(RECORDS SUPPLIED begins)

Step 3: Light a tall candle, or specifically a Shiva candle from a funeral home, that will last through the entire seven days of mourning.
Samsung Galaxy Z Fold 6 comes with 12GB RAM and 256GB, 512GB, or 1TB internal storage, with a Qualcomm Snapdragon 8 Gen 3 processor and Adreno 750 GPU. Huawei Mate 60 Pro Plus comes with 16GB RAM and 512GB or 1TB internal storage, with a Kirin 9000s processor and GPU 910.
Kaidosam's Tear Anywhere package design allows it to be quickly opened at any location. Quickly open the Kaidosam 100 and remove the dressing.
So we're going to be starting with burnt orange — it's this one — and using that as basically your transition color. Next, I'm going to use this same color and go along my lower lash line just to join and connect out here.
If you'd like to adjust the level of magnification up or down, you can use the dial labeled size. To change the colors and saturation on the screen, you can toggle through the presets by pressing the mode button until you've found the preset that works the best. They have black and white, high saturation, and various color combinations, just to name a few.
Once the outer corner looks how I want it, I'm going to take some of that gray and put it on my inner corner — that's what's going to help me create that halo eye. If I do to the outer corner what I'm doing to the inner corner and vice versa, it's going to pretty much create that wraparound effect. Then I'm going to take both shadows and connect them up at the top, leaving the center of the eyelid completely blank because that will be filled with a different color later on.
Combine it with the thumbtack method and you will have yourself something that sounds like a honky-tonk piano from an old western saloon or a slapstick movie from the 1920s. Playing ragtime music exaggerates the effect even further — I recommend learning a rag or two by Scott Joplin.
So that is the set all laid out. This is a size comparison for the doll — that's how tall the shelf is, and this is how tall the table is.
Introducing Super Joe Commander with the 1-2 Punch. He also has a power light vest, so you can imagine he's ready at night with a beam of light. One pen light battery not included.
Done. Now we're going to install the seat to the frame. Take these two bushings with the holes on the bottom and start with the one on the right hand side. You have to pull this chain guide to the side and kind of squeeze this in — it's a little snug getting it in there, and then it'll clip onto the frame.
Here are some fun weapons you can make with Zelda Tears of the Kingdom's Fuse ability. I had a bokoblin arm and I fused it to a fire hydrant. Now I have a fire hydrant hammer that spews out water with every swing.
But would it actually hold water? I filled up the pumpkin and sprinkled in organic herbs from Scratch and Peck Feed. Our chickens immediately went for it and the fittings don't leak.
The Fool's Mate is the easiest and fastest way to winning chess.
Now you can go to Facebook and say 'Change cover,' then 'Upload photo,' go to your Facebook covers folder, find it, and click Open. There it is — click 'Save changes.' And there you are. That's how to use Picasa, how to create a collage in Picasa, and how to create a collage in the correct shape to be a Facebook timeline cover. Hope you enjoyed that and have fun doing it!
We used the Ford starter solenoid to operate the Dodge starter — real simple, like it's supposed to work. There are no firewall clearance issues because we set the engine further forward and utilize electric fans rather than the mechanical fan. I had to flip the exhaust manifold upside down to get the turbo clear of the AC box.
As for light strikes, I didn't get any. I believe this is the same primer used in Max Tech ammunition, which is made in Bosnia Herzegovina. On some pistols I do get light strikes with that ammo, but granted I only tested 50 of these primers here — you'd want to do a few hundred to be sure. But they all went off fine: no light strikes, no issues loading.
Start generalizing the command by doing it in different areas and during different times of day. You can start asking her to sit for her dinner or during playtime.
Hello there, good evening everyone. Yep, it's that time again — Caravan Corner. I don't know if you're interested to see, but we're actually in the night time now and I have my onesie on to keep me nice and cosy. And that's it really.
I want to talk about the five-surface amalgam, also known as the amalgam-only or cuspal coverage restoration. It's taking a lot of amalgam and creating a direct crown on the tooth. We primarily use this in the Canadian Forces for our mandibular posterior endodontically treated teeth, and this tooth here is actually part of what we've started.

(RECORDS SUPPLIED ends)

Where does the string "went" occur in the data above? Copy every line that holds it.

TASK RESULT:
But would it actually hold water? I filled up the pumpkin and sprinkled in organic herbs from Scratch and Peck Feed. Our chickens immediately went for it and the fittings don't leak.
As for light strikes, I didn't get any. I believe this is the same primer used in Max Tech ammunition, which is made in Bosnia Herzegovina. On some pistols I do get light strikes with that ammo, but granted I only tested 50 of these primers here — you'd want to do a few hundred to be sure. But they all went off fine: no light strikes, no issues loading.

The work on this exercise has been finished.